Daí terça chegou, com um dos pratos que eu mais esperava: Carré d’agneau en persille com Ratatouille Provençale. Em outras palavras: Carré de cordeiro em crosta de salsinha com ratatouille (beringelas, abobrinhas, pimentões, tomates e cebolas em cubos) ao estilo provençal.

Preparado pelo chef John (o ratatouille está atrás do carré. 
Ao lado temos Pommes Anna, que ele preparou apenas como 
demonstração).

Minha carne preferida! Amo amo amo! Aprendemos a fazer no forno, com essa crosta de salsinha que é um arraso, e o ratatouille que ficou uma delícia! Meu carré ficou no ponto, (poderia ter ficado um pouquinho mais mal passado, mas tudo bem), o molho ficou na consistência certa, o ratatouille perfeito... mas claro, sempre tem algo para atrapalhar. Dessa vez foi a apresentação. “Ana, como é que você traz um prato assim para mim??????” “Me desculpe chef, derramei molho, tentei limpar, pelo jeito não consegui...” “Desta vez vou aceitar, mas na próxima você pega outro prato e monta de novo, entendido?” “Yes chef”.

Preparado por mim. Dá pra ver a bagunça do prato?

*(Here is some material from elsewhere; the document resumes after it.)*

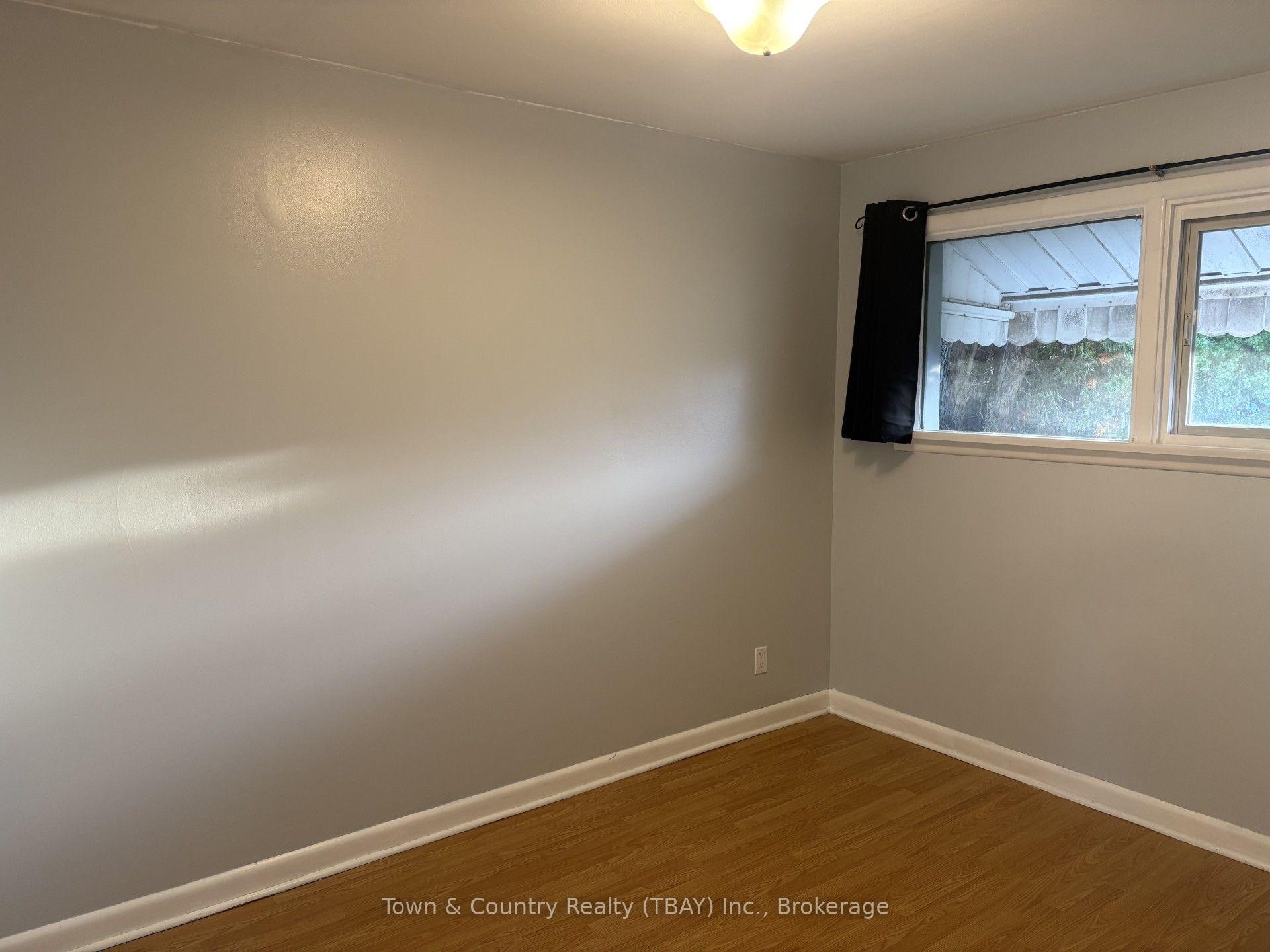 Photo 4 of 1113 Crawford Avenue, Thunder Bay, Westfort — HOMEH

Então chegou quarta. E o desafio? Clafoutis aux cerises com Sauce Anglaise (torta de cerejas com creme Anglaise).

Preparado pela chef Elke

Esta é uma receita que exige muita atenção e cuidado com os detalhes. Tudo pode dar errado.  Para começar a massa, dificílima de manusear, dificílima de chegar no ponto, dificílima de colocar na forma...  Teve gente que empacou ai e não saiu mais. Eu quase empaquei. Primeiro porque coloquei dois ovos em vez de um (Ismat e Eden, ao mesmo tempo, me alertaram do erro!). Chamei o chef e ele conseguiu tirar um ovo sem quebrar a gema (isso só com experiência!), mas acho que deixei um pouco de clara desse segundo ovo lá. O resultado é que a minha massa ficou mais molhada que o normal. O que se faz numa hora dessas? Mais farinha. Mas só fui entender isso depois de passar 15 minutos me estressando com aquele grude na minha mão. Depois, na hora de colocar na forma, a danada quebrou, e tive que abrir ela de novo. Deu certo,fui de segunda, mas me atrasei. E aí começou a bater aquele desespero: “não vai dar tempo, não vai dar tempo”. Até que olhei para o lado, e percebi que, com exceção do Eden e da Ismat, todos estavam tão ou mais atrasados que eu! Até a galerinha da competição estava muito atrás, uns ainda brigando com a massa, outros tendo que fazer tudo de novo. No final é claro que deu tempo, até sobrou. Torta no forno, tudo arrumado e limpo, e pela primeira vez em 3 semanas me vi sem ter o que fazer. Então a cabeça começa a funcionar, e “Chef, o pedaço da torta no prato, precisa ser triangular?” O chef me olhou desconfiado, e disse: “Não necessariamente”. “Thanks chef”. E com um sentimento incrível de liberdade criei uma apresentação completamente diferente das demais. E ainda acrescentei uma canelinha com açúcar que foi muito bem com as cerejas. Só esqueci de tirar a foto! Hahaha! Mas quando cheguei em casa, tentei repetir, e eis ai mais ou menos como ficou. Sendo que na aula eu coloquei um “caminho” de canela em pó em cima do açúcar.

Preparado por mim, mais ou menos igual ao que fiz na aula. 
Ficou faltando o caminho de canela em cima do açucar.

Na saída da cozinha, chef de bobeira, não agüentei e perguntei: “Chef, gostou da decoração?”. “Yes, yes, very creative”. “Thanks chef!” Aêêêêêêê!!!!!!!!!!!!!!!